As creator of the Whole Earth Catalogue and later the CoEvolution Quarterly, Brand sought to make information accessible to the masses at a time when “internet” was as yet unuttered by anyone. In fact, Brand was a founding member of the well (a very early electronic bulletin board), the first two letters of which mean … Whole Earth (the last two mean ‘Lectronic Link). Pretty cool, eh. 

These years were ones in which environmental standards, energy standards and handicapped standards for building took tremendous strides… but this is all 30 years ago. 

Though we continue to make progress on the backs of these important innovators, I’m concerned that consumerism and complacency have replaced zeal and moral drive. If we can set construction aside for a moment, let’s take a look at cars.  
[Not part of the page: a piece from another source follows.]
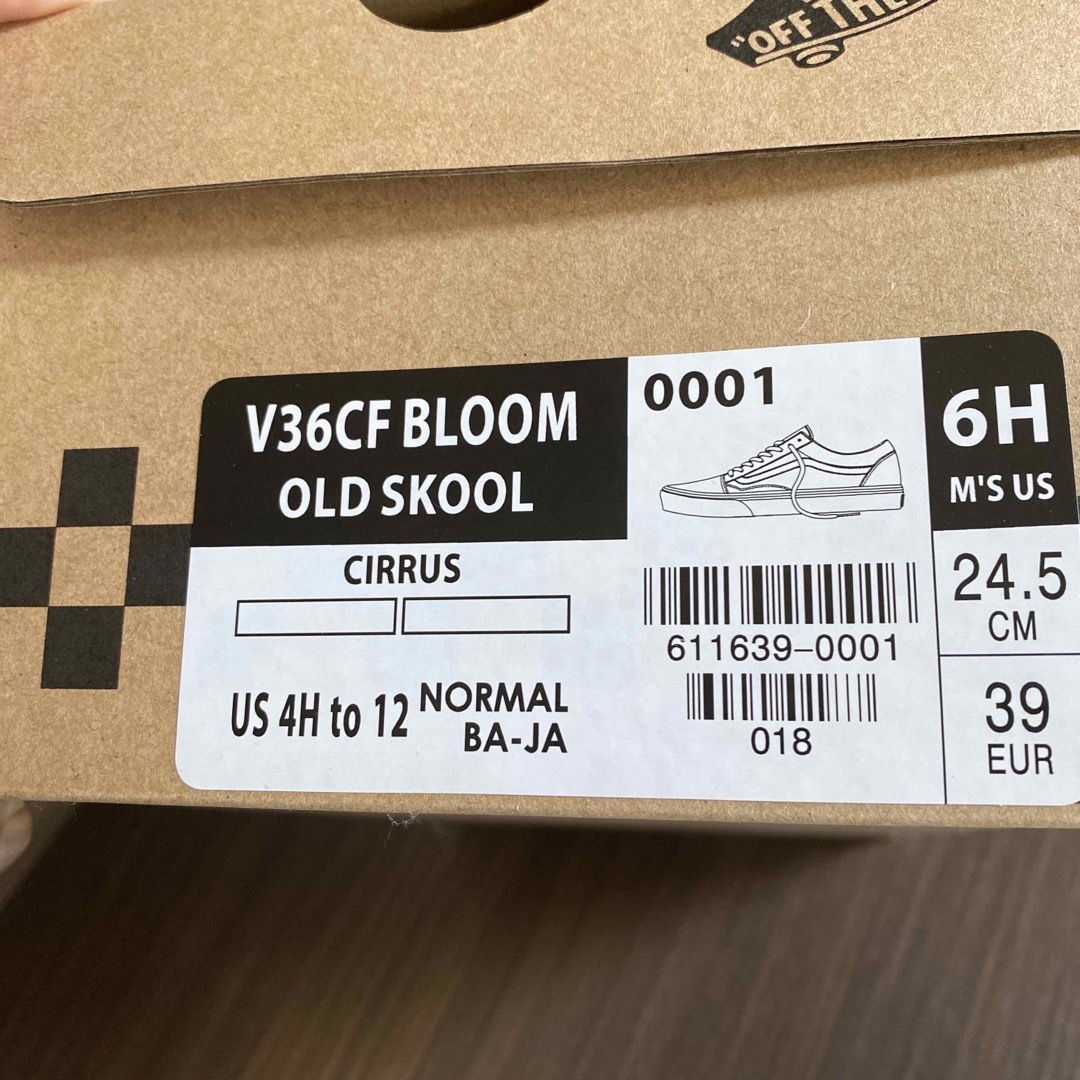 V36CFBLOOMバンズスニーカー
I’m sure many of you have noticed that the excitement around improved gas mileage in the 1970’s has fallen fairly flat on it’s face. Every Hummer I see reminds me that Americans once again care more about the look-good than they do about the planet. 

Even the best of our leaders are forced to talk about “energy independence” or “energy security” as a way of inducing reforms, since it’s just too “moon-beam” (that’s what right-wingers called Jerry during his governorship) to say that we need to reduce our oil consumption for the longevity of the ecosphere. I guess that’s too sissy. 

Similarly, the Altamont Wind Farm, started under Brown, sat almost lifeless for most of the Deukmejian and Wilson administrations. Only now, are they once again being upgraded to larger, safer and more effective units, while Germany (6 percent wind power) and Holland (18.5 percent) kick our Eco-butts. How’s that for “energy security?”  

I tend to think that these countries are: a) very interested in the future of their people and b) invested in living on a planet with a similar ecosystem in 100 years. I’m pretty sure that these are not major objectives in the U.S. halls of power.  

But, as usual, I digress. Sim Van der Ryn and his earnest colleagues have moved on to other places now doing other things and sadly, the Integral Urban House is now… just a house. The experiment could not sustain itself and I guess we all had to take the blue pill and go back to making believe that everything would continue to be fine no matter how we lived, who we killed or how much oil we burned. (For those who’ve never seen The Matrix, the protagonist is offered the chance to wake up to the truth by taking a red pill or go back into his waking sleep by taking a blue one). 

Used copies of the IUH book can still be found (ISBN 0871562138) and it’s just about as exciting and challenging to our way of life today as it was 28 years ago. Copies are available at several of those nasty online places (I just checked) and, if you search, you might just find a local bookseller that’s got one as well. 

Our lettuce is coming up nicely and it’s surprising how touching and beautiful it is to pick some leaves from the garden, go upstairs and share a meal. The coop is still in design phase but it’ll come, as will the chickens. I’m not sure how I feel about bees but I like honey so I’ll have to think about it. This is adult stuff. Like G.W. says, it’s “hard work” and it takes time to bring myself to it.  

I’m lazy, scared and doubtful but I am certain that small acts do matter. So if you’ll excuse me, I need to find something to drink. These red pills are pretty nasty if you don’t have something to wash them down with.